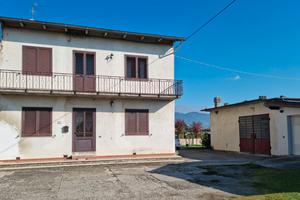 Terratetto con magazzino, giardino e terreno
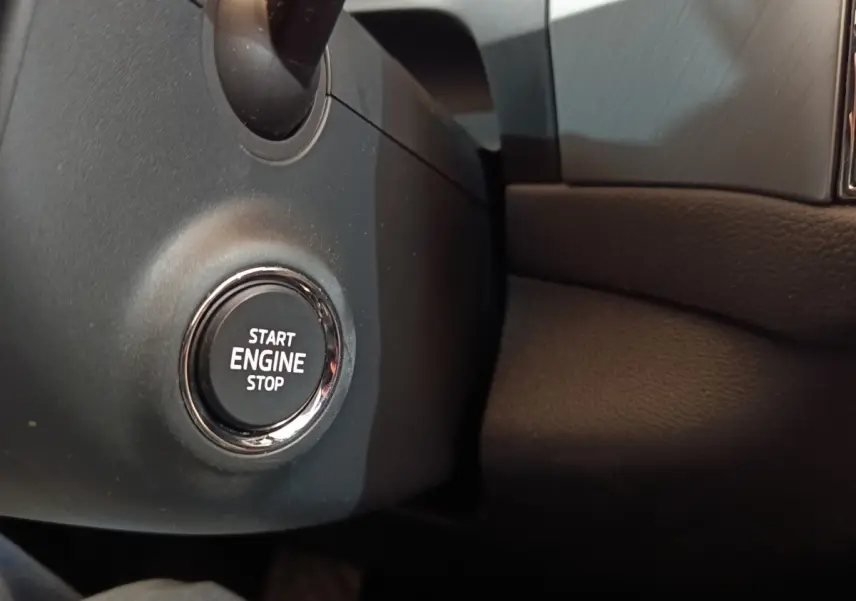 Gros plan sur le bouton démarrage "Start Engine Stop" dans l'habitacle noir du Skoda Kodiaq blanc 2022.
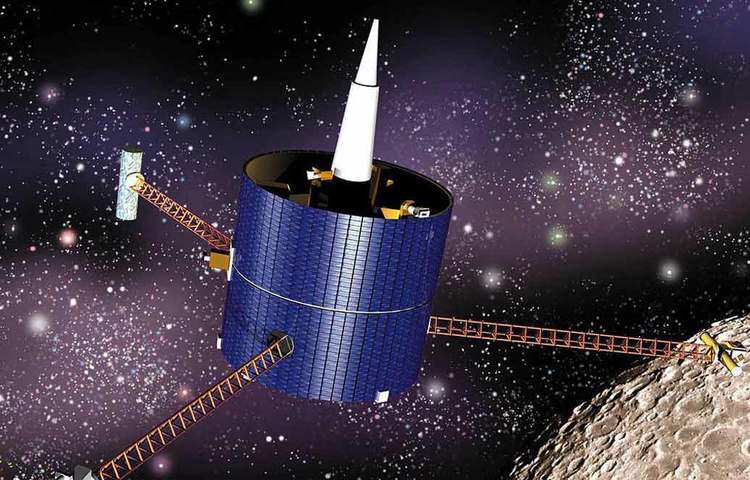 ১৯৯৯ সালের ৩১ জুলাই চাঁদের দক্ষিণ মেরুর কাছে একটি গহ্বরে ক্র্যাশ ল্যান্ডিং করানো হয় ‘লুনার প্রসপেক্টর’-কে। আঘাতের অভিঘাতে খণ্ডিত প্রসপেক্টর থেকে বেরিয়ে আসে ক্যাপসুল। চাঁদের মাটিতে মিশে যায় ইউজিন শুমেকারের চিতাভস্ম।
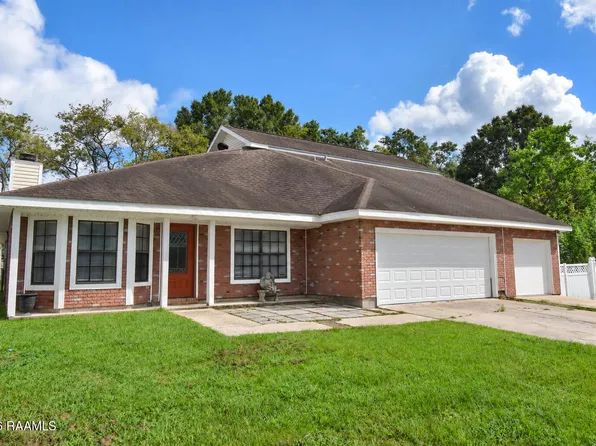 102 Confederate Ave, Broussard, LA 70518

*Work to complete*
Give the data again exactly. Keep the images out.

*Written response*
 Terratetto con magazzino, giardino e terreno
 Gros plan sur le bouton démarrage "Start Engine Stop" dans l'habitacle noir du Skoda Kodiaq blanc 2022.
 ১৯৯৯ সালের ৩১ জুলাই চাঁদের দক্ষিণ মেরুর কাছে একটি গহ্বরে ক্র্যাশ ল্যান্ডিং করানো হয় ‘লুনার প্রসপেক্টর’-কে। আঘাতের অভিঘাতে খণ্ডিত প্রসপেক্টর থেকে বেরিয়ে আসে ক্যাপসুল। চাঁদের মাটিতে মিশে যায় ইউজিন শুমেকারের চিতাভস্ম।
 102 Confederate Ave, Broussard, LA 70518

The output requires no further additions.